Second Amendment Rights and the Electoral College

If president Obama wins reelection without the popular vote, a furious backlash could threaten peace.

Recently, speculating that there's a chance in November Governor Mitt Romney might win the popular vote but lose the Electoral College, specialists analyzing state-by-state polling have summoned the apparition of a banshee.



Remember when President Obama was elected in 2008 and many rightists rushed to the gun stores to snatch up inventories of firearms and ammunition?  There were shortages in early 2009; that's how frantic the buying spree was.  In the middle of the worst recession in decades, dealers had banner-year sales.  Customers said they believed that Obama was going to outlaw guns.



But there was more to it than fear; there was anger.



When the frenzy was over, the gun rights crowd began yammering about tyranny and the right to resist it with violence.  They talked about insurrection and war.

Predicated on a couple of things, Obama, they said, was the most unconstitutional president ever.

First, they accused him of intending to confiscate guns.  They had no evidence, and the accusation wasn't fulfilled.  They also said that his health care reform would be socialism.

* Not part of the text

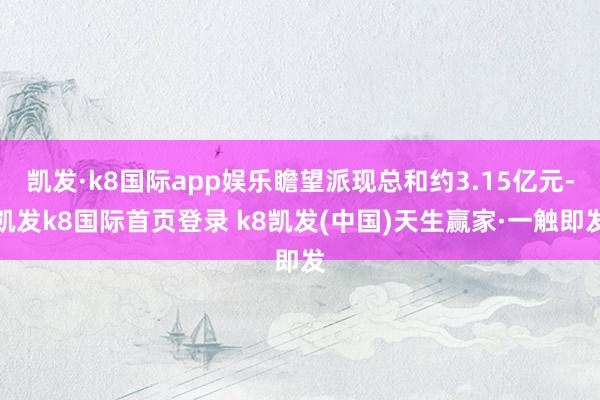 凯发·k8国际app娱乐瞻望派现总和约3.15亿元-凯发k8国际首页登录 k8凯发(中国)天生赢家·一触即发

They declared Obama to be illegitimate.  They imagined things.  They said that the Second Amendment granted them the right to resist him with arms.

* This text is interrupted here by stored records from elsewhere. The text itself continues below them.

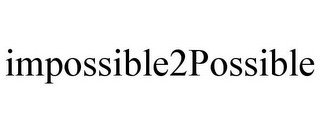 IMPOSSIBLE2POSSIBLE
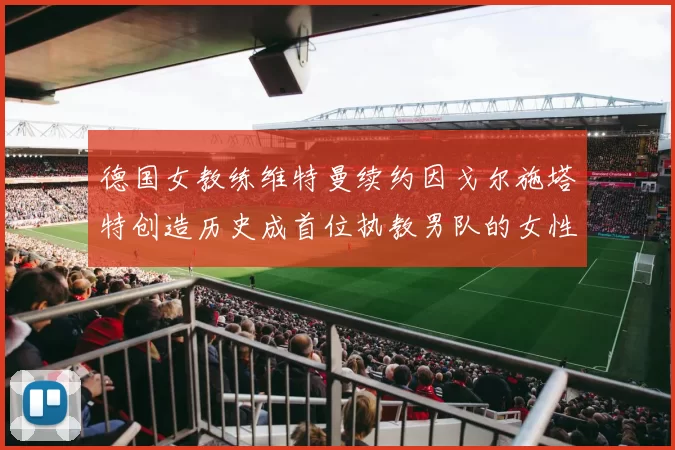 德国女教练维特曼续约因戈尔施塔特创造历史成首位执教男队的女性教练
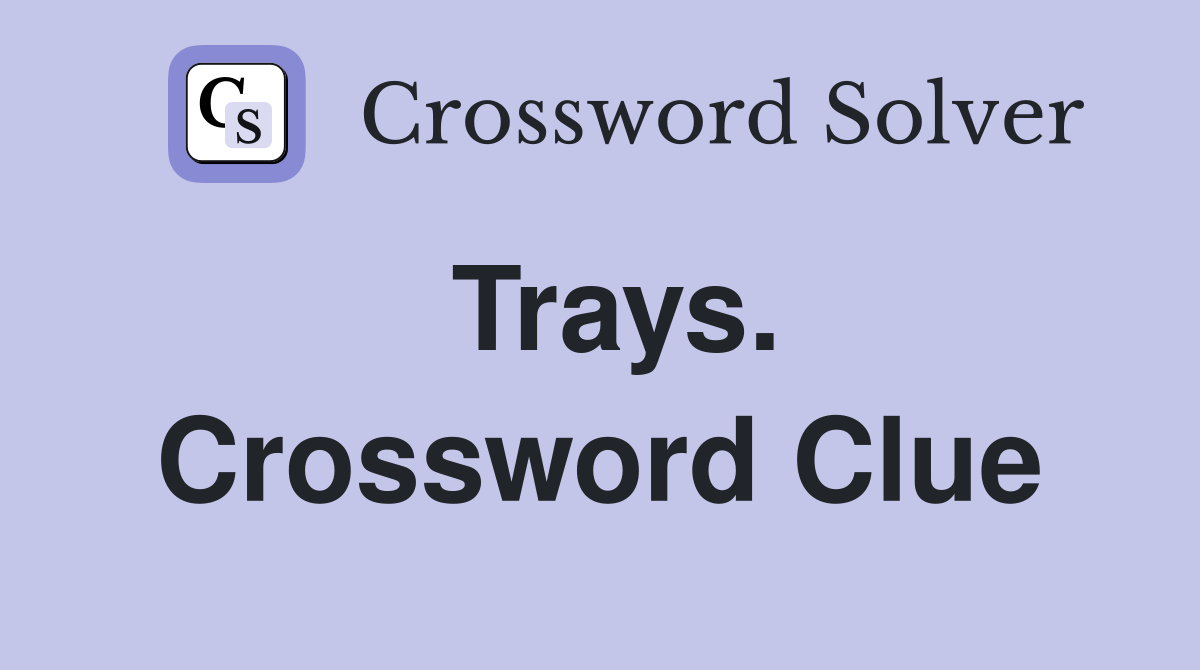 Trays. Crossword Clue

And none of it was true.  There was no tyranny, and they have no right to rebellion.

President Obama made no move against gun rights.  The Supreme Court found his signature piece of legislation in health care reform to be constitutional.



The Second Amendment doesn't grant anyone the right to take up arms against the government.  If someone shoots a politician, one of her supporters, a cop or a National Guard member for political motives, then it's felony homicide.  The Second Amendment is no defense.



The people who were saying such things were the kind of people every kid who's played a game of tag has met: sore losers.  Obama won a clear majority that year.  Being upset and projecting blame outward, many rightists manufactured their objections: "He's foreign!" "He's a Muslim!" "He's bad, bad, bad!"  They weren't rational.  Having guns and an argument to use them made them dangerous.



So imagine: If Obama wins reelection in 2012 without the popular vote, there’s going to be a screaming and kicking tantrum the likes of which haven't been seen in a hundred and fifty years---not since the days of the Civil War.  The National Rifle Association would have a new heyday.  Major retailers have different buying strategies based on the outcome of the election, but, if Obama wins like that, then gun sales would skyrocket even higher than they could guess.

"TYRANNY!!!"



Democratic schadenfreude would reign supreme.  It might happen even though the candidate doesn't have a sibling and a party gaming elections in a swing state, and it would be all legal and constitutional if it did.

Republicans often declare that the United States is a republic, not a democracy.  How would they like to be proved right?